Crypto Investor Wynn, Who Staked $1B on BTC, Faces $118M Liquidation During Price Drop

The cryptocurrency trader known as James Wynn, who invested over $1 billion in bitcoin (BTC) approximately a week ago, is experiencing significant losses amounting to more than $118 million. This happened after bitcoin’s price fell below $105,000 early on Friday.

Data from Arkham Intelligence indicates that Wynn has faced liquidations on four separate positions, totaling 1,134 BTC (around $118.8 million). He still maintains an open position with 40x leverage on the decentralized exchange Hyperliquid, which currently represents an unrealized loss of $4.7 million.

Wynn had escalated his leveraged long position in Bitcoin from $390 million to $1.1 billion in just a week. Renowned for his high-risk trading style and interest in meme coins, he consistently raised his bets as the price of bitcoin increased.

When BTC reached an all-time high (ATH) of $111,970 on May 22, the value of his bet surged to $1.14 billion, with an unrealized profit exceeding $39 million. By May 24, he had amplified his position to $1.25 billion, even as bitcoin began to decline from its peak and was consolidating around $108,000 to $109,000.
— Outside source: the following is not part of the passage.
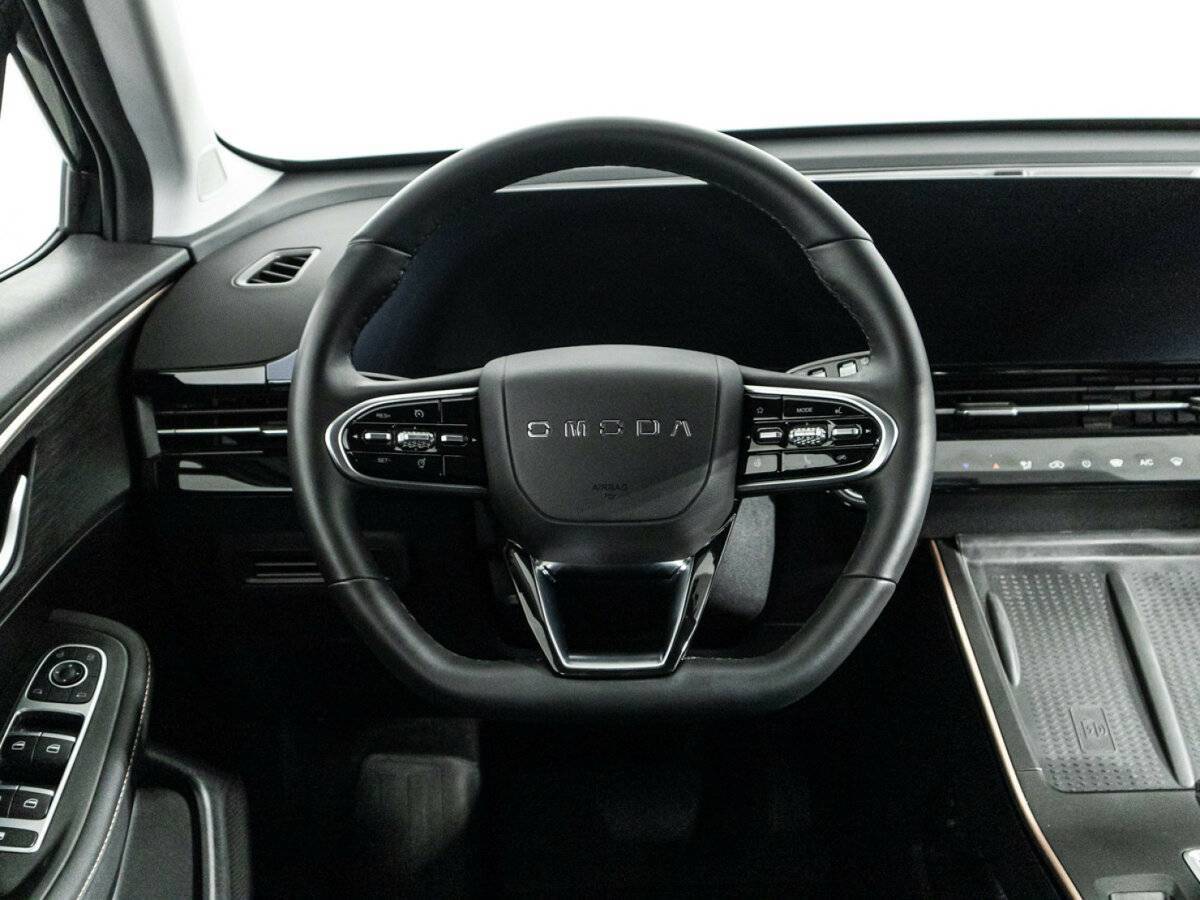 Купить Омода Ц5, 2024, 18 666 км.. Фото: #20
Despite expectations from analysts and on-chain data suggesting that BTC could continue to climb in the near term, shifts in the macroeconomic landscape led to a downturn in its price.
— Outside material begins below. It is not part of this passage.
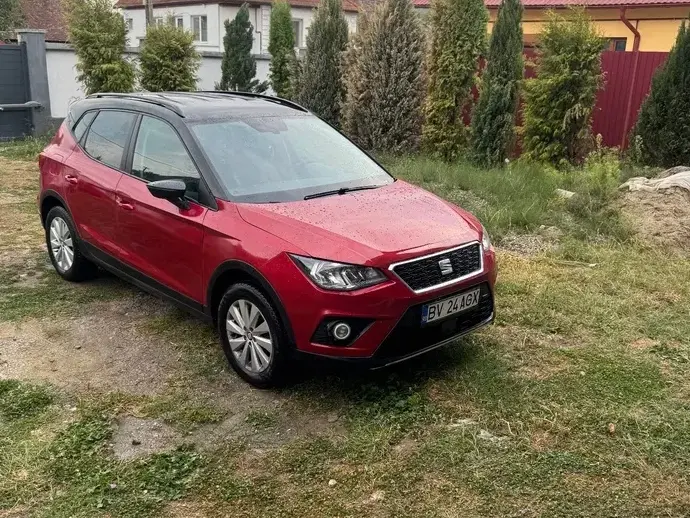 Seat Arona 1.0 TSI Xcellence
After taking some profits from his initial BTC investment, Wynn had anticipated that the asset could reach a target of $115,000 to $118,000 within the week. Unfortunately, the reality was different, as bitcoin dropped 2.5% over the last day and was trading around $105,093 at the time of reporting.

Due to the recent dip in bitcoin’s value, Wynn has faced liquidations on four positions, which included holdings of 91 BTC ($9.7 million), 527 BTC ($55.3 million), 421 BTC ($43.9 million), and 95 BTC ($10 million). According to Hyperliquid’s analytics, these liquidations occurred when BTC reached prices of $106,330, $104,950, $104,150, and $104,620, respectively.

Following his liquidations, Wynn expressed his concerns on social media, arguing that his trading strategy has highlighted corruption within the crypto markets. He suggested that a better approach would be to buy and hold BTC securely rather than adopt a highly leveraged strategy.